(Task to carry out): Write out every line below again exactly as it stands, skipping each image.
─── Information supplied ───
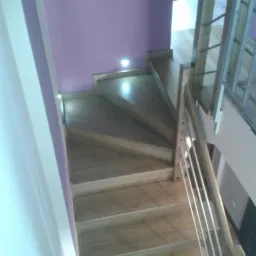 Klatka schodowa z drewnianymi stopniami i metalową balustradą, oświetlona punktowymi lampami w ścianie, widok z góry.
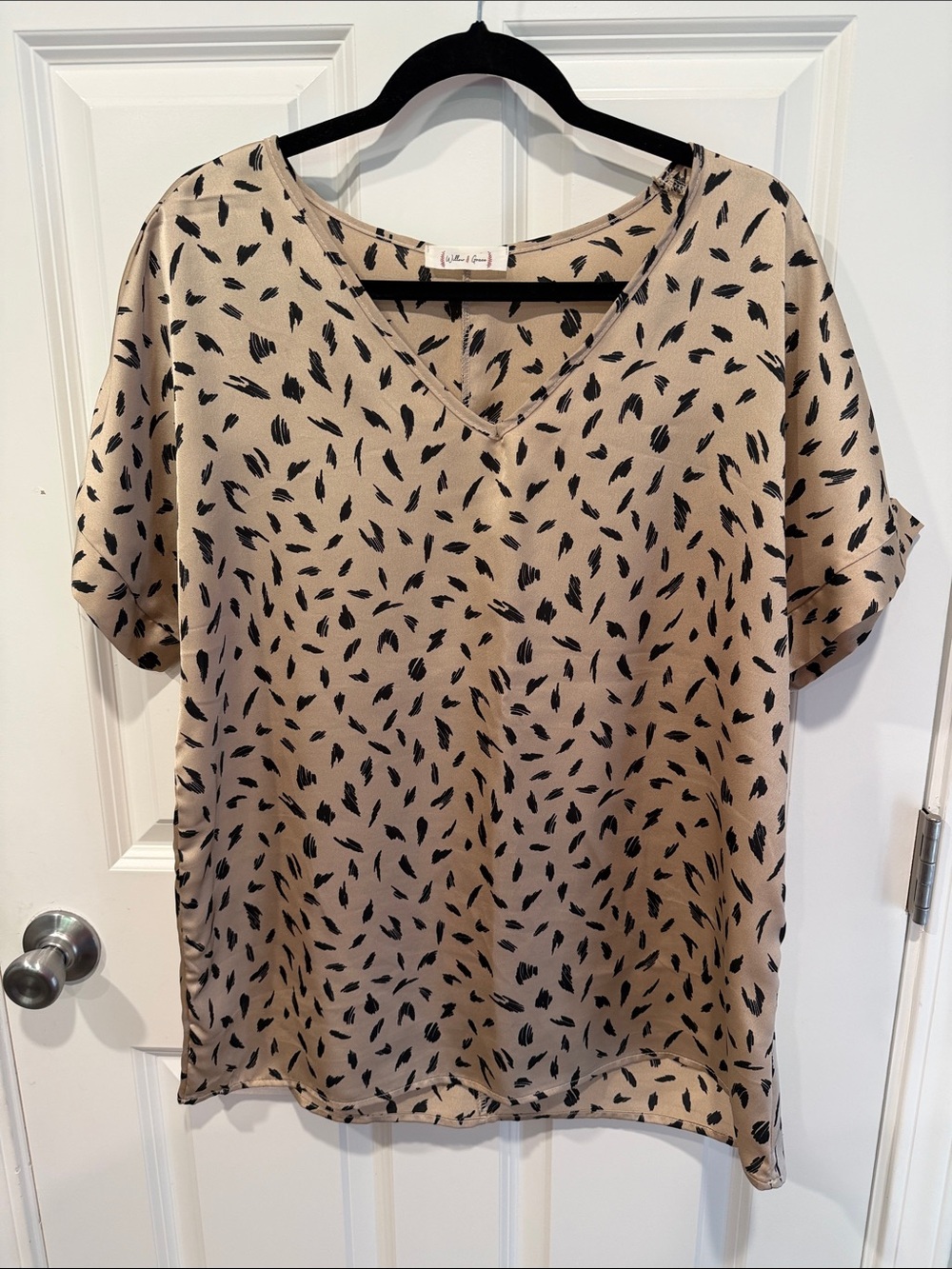 Beige Short Sleeve V-Neck Top with Black Abstract Feather Print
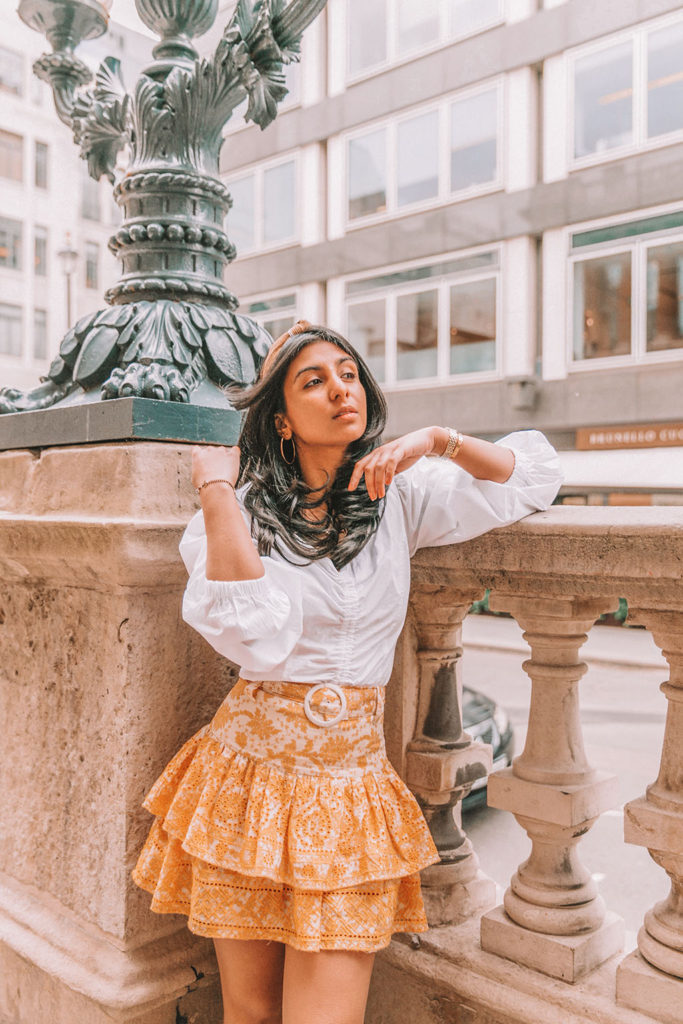 Luxury fashion blogger Shloka Narang of The Silk Sneaker shares how to create a cute and casual summer outfit with the best mini skirts for summer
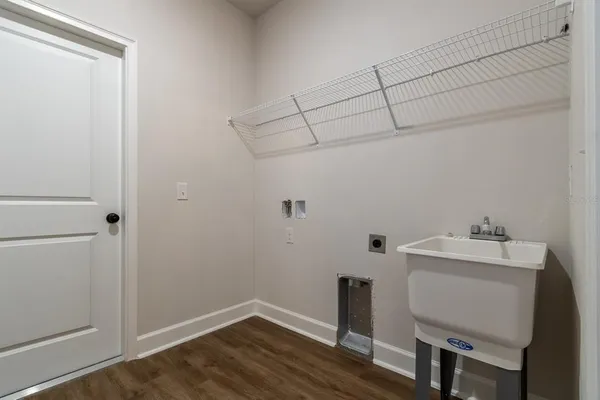 a room with a table and chairs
───
(Answer below):
 Klatka schodowa z drewnianymi stopniami i metalową balustradą, oświetlona punktowymi lampami w ścianie, widok z góry.
 Beige Short Sleeve V-Neck Top with Black Abstract Feather Print
 Luxury fashion blogger Shloka Narang of The Silk Sneaker shares how to create a cute and casual summer outfit with the best mini skirts for summer
 a room with a table and chairs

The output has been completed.